Mi cuerpo, mi casa
Por Sandra Martínez
Hace algún tiempo vi la entrevista realizada por Luchadoras, programa de televisión por internet, a Diana Torres, activista anarco feminista, quien en su narración sobre el pornoterrorismo señaló cómo comprende el cuerpo. Para explicar su concepción de éste, usó una metáfora que se me quedó grabada: “Entiendo el cuerpo como una casa, la única casa de la que no me pueden desalojar, de la que no me pueden echar, salvo si me matan […] El conocimiento de esa casa es básico”. Estas pequeñas líneas hicieron un gran eco en mí y es de lo que quiero escribir: nuestro cuerpo, ese único hogar que nos pertenece y que no conocemos o reconocemos, el espacio que habitamos diariamente y que en varias ocasiones damos al otro, pero no nos permitimos hacerlo nuestro.

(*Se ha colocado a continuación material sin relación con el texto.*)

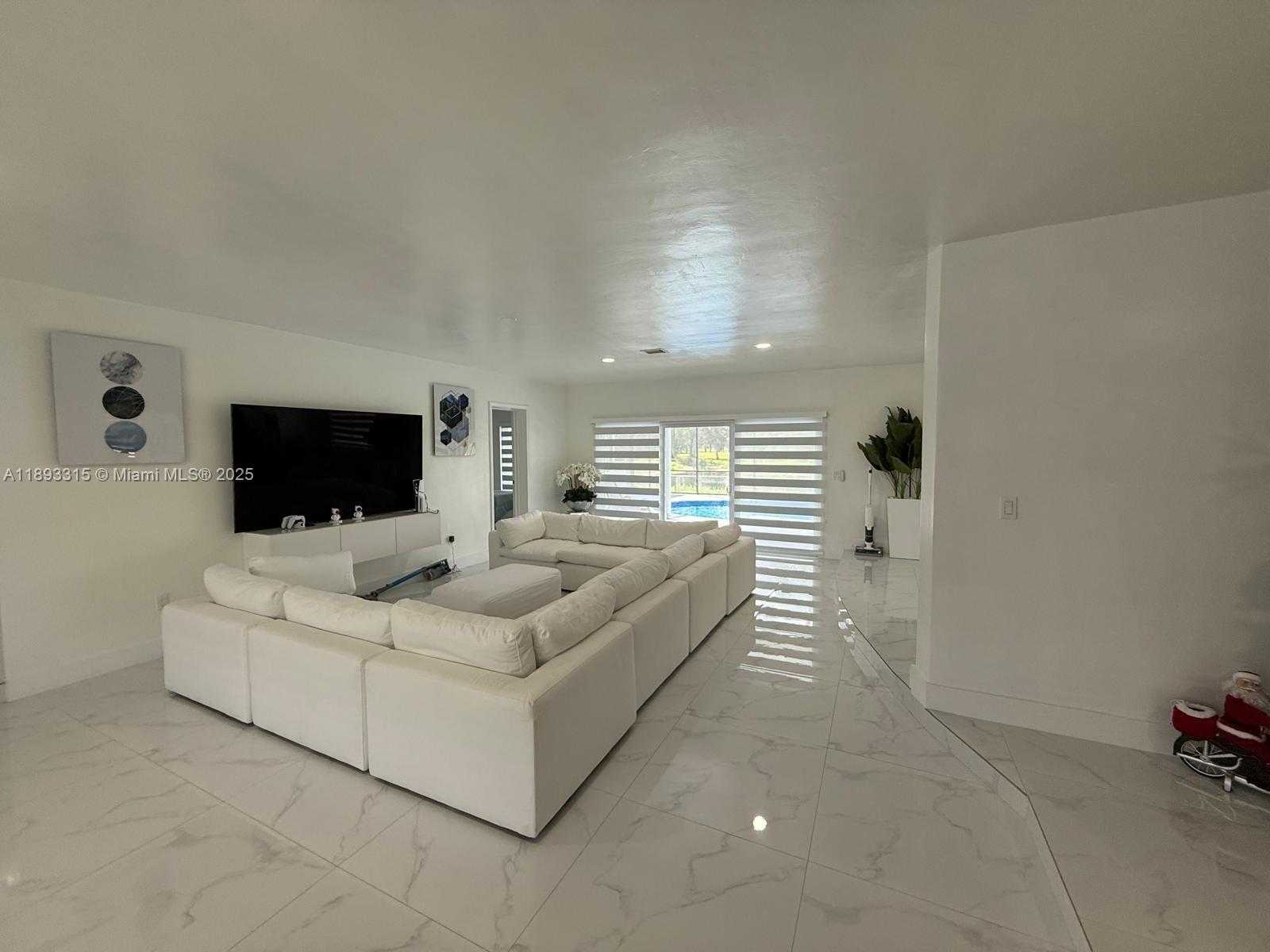 Small Image of 19150 SOUTH SAINT ANDREWS DR, Hialeah Number 15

“No te toques ahí”, “esa ropa no te queda”, “no te hagas un tatuaje”, “no te perfores”, “no muestres tanta piel”, “no te cortes el cabello” y tantas y tantas más frases que he escuchado a lo largo de mi vida como una censura para mi persona; esto se presenta desde el núcleo familiar y en los distintos grupos sociales en los que a diario convivimos. Pero ¿quiénes, y desde cuándo, decidieron cómo habitar nuestras casas? El cuerpo ha sido ese territorio del que todos hablan, pero pocos exploran porque históricamente hay una cooptación de ese espacio por parte del patriarcado que nos obliga a darnos al padre, novio, esposo e hijo. Es decir, somos para otros, pero pocas veces para nosotras y sí, hablo específicamente de las mujeres, quienes a lo largo de siglos hemos tenido que enfrentar distintas y duraderas relaciones de dominación. A partir de décadas atrás se ha comenzado un cuestionamiento sobre cómo vivimos; lo cual incluye que no hay una única forma de habitar nuestros cuerpos, como se ha normalizado.

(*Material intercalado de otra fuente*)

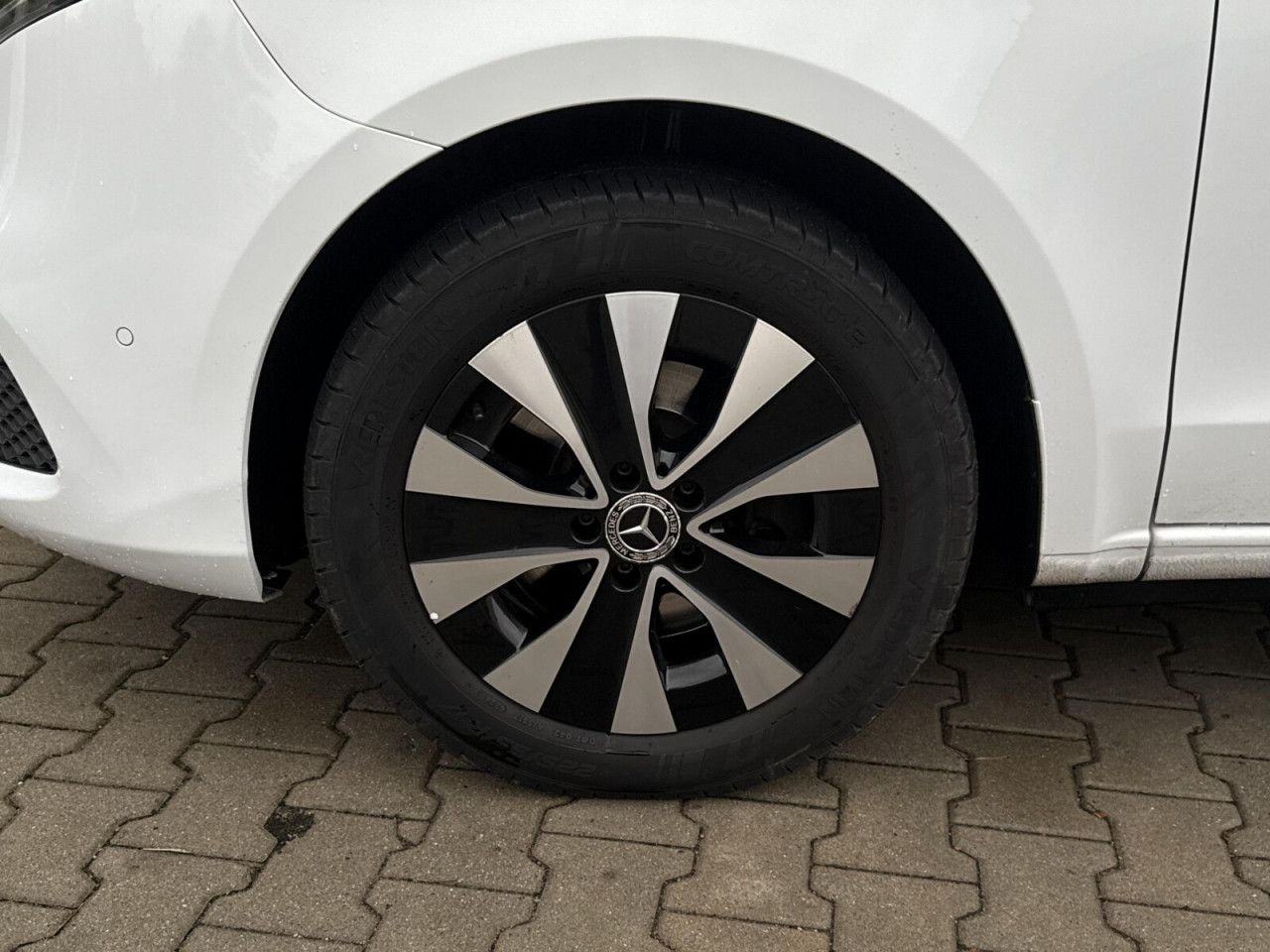 Zdjęcie pojazdu 11 / 25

Hay distintas formas de habitar las casas; lo que implica poder expresarnos a través del cabello, la ropa, los movimientos, los gestos; la búsqueda placeres sexuales y con quién compartirlos. Sin embargo, ¿cómo habitar y disfrutar de mi casa si no la conozco? Para llegar a todo esto es indispensable el reconocimiento de nuestros cuerpos; conocer de qué estamos hechos, no sólo de forma física, sino también de manera emocional, comprender las vulnerabilidades que vivimos como mujeres y cómo podemos enfrentarlas.
La auto exploración de los cuerpos implica uno de los mayores retos del ser humano: conocerse a sí mismo, no temer a descubrir cómo es esa casa que habitamos diariamente y de la que poco sabemos; aprender a disfrutar de nuestra sexualidad. Si uno conoce cómo es su casa y qué necesita, podrá habitarla de la forma que haya elegido, incluso se puede modificarla si así lo quiere y necesita la persona. Sin embargo, lo que uno debe anteponer a todo es cuidar cada habitación, cada ventana y todo el piso porque nuestro cuerpo es el único lugar donde viviremos todo el tiempo.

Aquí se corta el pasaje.